▶ [Data segment]
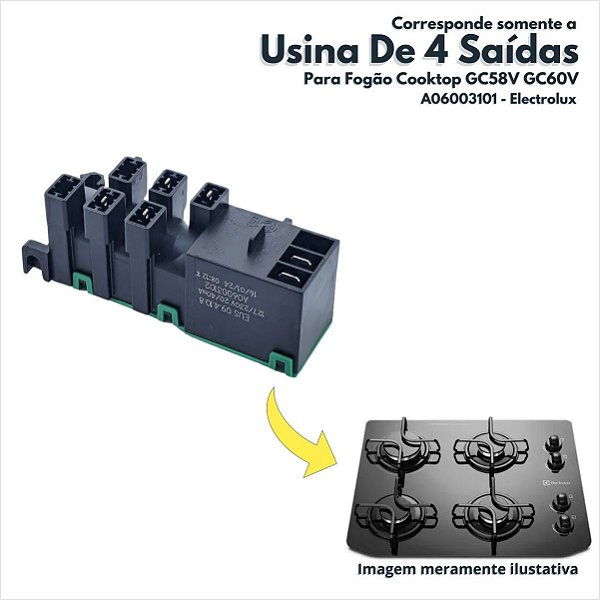 Usina de 4 Saídas para Fogão Cooktop GC58V GC60V Electrolux Original A06003101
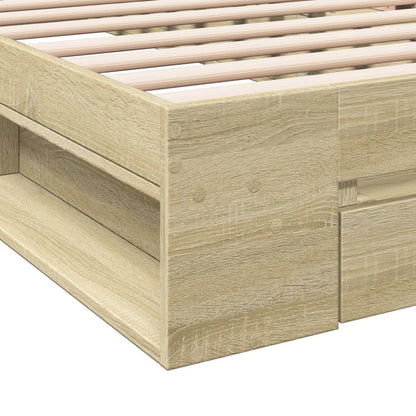 Bettgestell mit Schublade Sonoma-Eiche 90x190 cm Holzwerkstoff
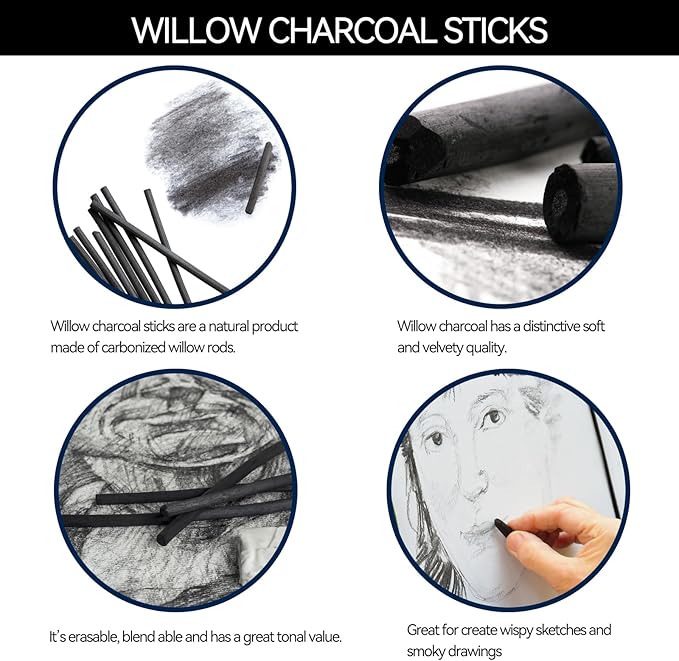 PANDAFLY Willow Charcoal Sticks, Soft, Black Artist Vine Charcoal for Artists, Beginners, Students, Great for Sketching, Drawing, Shading and Fine Art, 5-7mm, 25 Pack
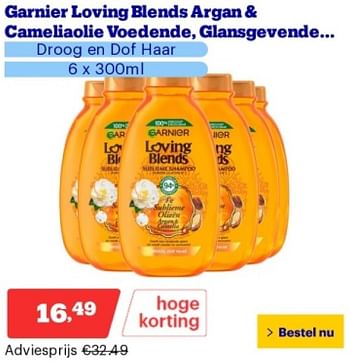 Promoties Garnier loving blends argan + cameliaolie voedende glansgevende - Garnier - Geldig van 21/05/2024 tot 26/05/2024 bij Bol.com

▶ [Task to complete]
Copy all the material above exactly, but skip each image.

▶ [Expected answer]
 Usina de 4 Saídas para Fogão Cooktop GC58V GC60V Electrolux Original A06003101
 Bettgestell mit Schublade Sonoma-Eiche 90x190 cm Holzwerkstoff
 PANDAFLY Willow Charcoal Sticks, Soft, Black Artist Vine Charcoal for Artists, Beginners, Students, Great for Sketching, Drawing, Shading and Fine Art, 5-7mm, 25 Pack
 Promoties Garnier loving blends argan + cameliaolie voedende glansgevende - Garnier - Geldig van 21/05/2024 tot 26/05/2024 bij Bol.com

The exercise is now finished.